For vpmovdb, the naming for the intrin is _mm_cvtepi32_epi8.
For vpmovsdb, the naming for the intrin is _mm_cvtsepi32_epi8.
I suppose we should use _mm_cvtss_epi32_epi8 here. Adding a "_"
between "ss" and "epi32" is to separate them clearly.
Also, you may also need store intrins like vpmovdb and vpmovsdb.
> +// VUNPACKB - 128-bit
> +#define _mm_unpackb_epi8(A, imm) \
> + ((__m128i)
> __builtin_ia32_vunpackb128_mask((__v16qi)(__m128i)(A), \
> + (int)(imm), (__v16qi)(__m128i)(_mm_undefined_si128 ()),
> (__mmask16)(-1)))
You will also need non-macro ones. macro ones are for const prop
under -O0. You could wrap non-macro ones under __OPTIMIZE__,
macros ones out of __OPTIMIZE__.
> diff --git a/gcc/config/i386/sse.md b/gcc/config/i386/sse.md
> index 3db68d0b117..66d9348ec32 100644
> --- a/gcc/config/i386/sse.md
> +++ b/gcc/config/i386/sse.md
> @@ -34136,3 +34138,91 @@
> "vcvt<convertfp62hf8>\t{%1, %0%{%3%}%N2|%0%{%3%}%N2, %1}"

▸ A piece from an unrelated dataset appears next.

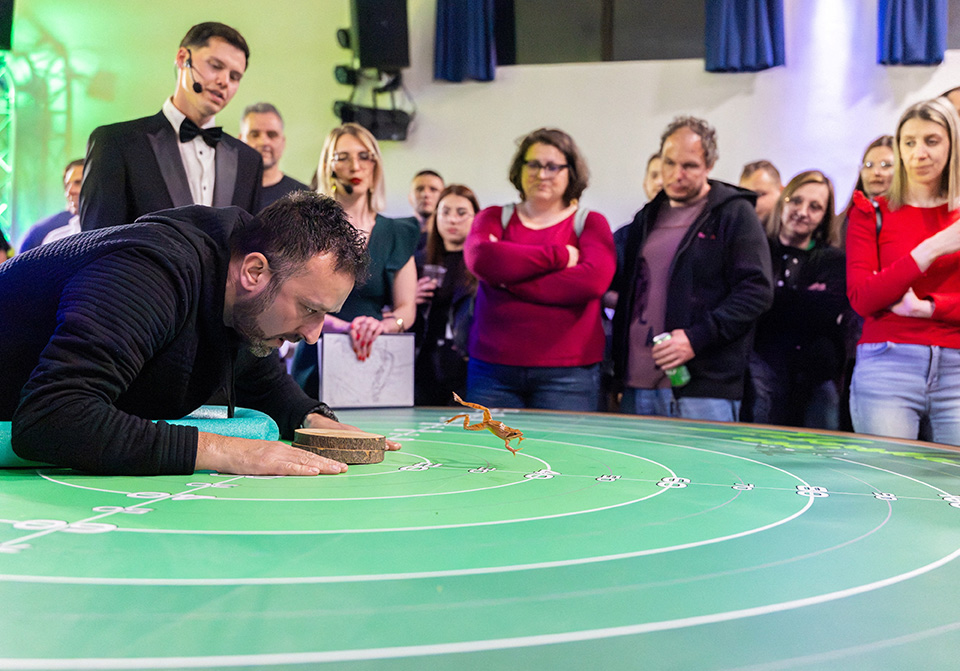 Ανθρωποι και ταλέντα-1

> [(set_attr "prefix" "evex")
> (set_attr "mode" "<sseinsnmode>")])
> +
> +;; VUNPACKB - Sub-byte element extraction
> +
> +(define_insn "vunpackb<mode>"
> + [(set (match_operand:VI1_AVX512VL 0 "register_operand" "=v")
> + (unspec:VI1_AVX512VL
> + [(match_operand:VI1_AVX512VL 1 "nonimmediate_operand" "vm")
> + (match_operand:SI 2 "const_0_to_255_operand" "n")]
> + UNSPEC_VUNPACKB))]
> + "TARGET_AVX10_V2_AUX"
> + "vunpackb\t{%2, %1, %0|%0, %1, %2}"
> + [(set_attr "prefix" "evex")
> + (set_attr "mode" "<sseinsnmode>")])
> +
> +(define_expand "vunpackb<mode>_mask"
> + [(set (match_operand:VI1_AVX512VL 0 "register_operand")
> + (vec_merge:VI1_AVX512VL
> + (unspec:VI1_AVX512VL
> + [(match_operand:VI1_AVX512VL 1 "nonimmediate_operand")
> + (match_operand:SI 2 "const_0_to_255_operand")]
> + UNSPEC_VUNPACKB)
> + (match_operand:VI1_AVX512VL 3 "nonimm_or_0_operand")
> + (match_operand:<avx512fmaskmode> 4
> "register_or_constm1_operand")))]
> + "TARGET_AVX10_V2_AUX"
> +{
> + if (CONST_INT_P (operands[4]))
> + {
> + emit_insn (gen_vunpackb<mode> (operands[0], operands[1],
> operands[2]));
> + DONE;
> + }
> +})
> +
One more thing for <mask_name>. If you use <mask_name>, you
could omit this define_expand since it will do the optimization
automatically for you.
> +(define_insn "*vunpackb<mode>_mask"
> + [(set (match_operand:VI1_AVX512VL 0 "register_operand" "=v")
> + (vec_merge:VI1_AVX512VL
> + (unspec:VI1_AVX512VL
> + [(match_operand:VI1_AVX512VL 1 "nonimmediate_operand"
> "vm")
> + (match_operand:SI 2 "const_0_to_255_operand" "n")]
> + UNSPEC_VUNPACKB)
> + (match_operand:VI1_AVX512VL 3 "nonimm_or_0_operand" "0C")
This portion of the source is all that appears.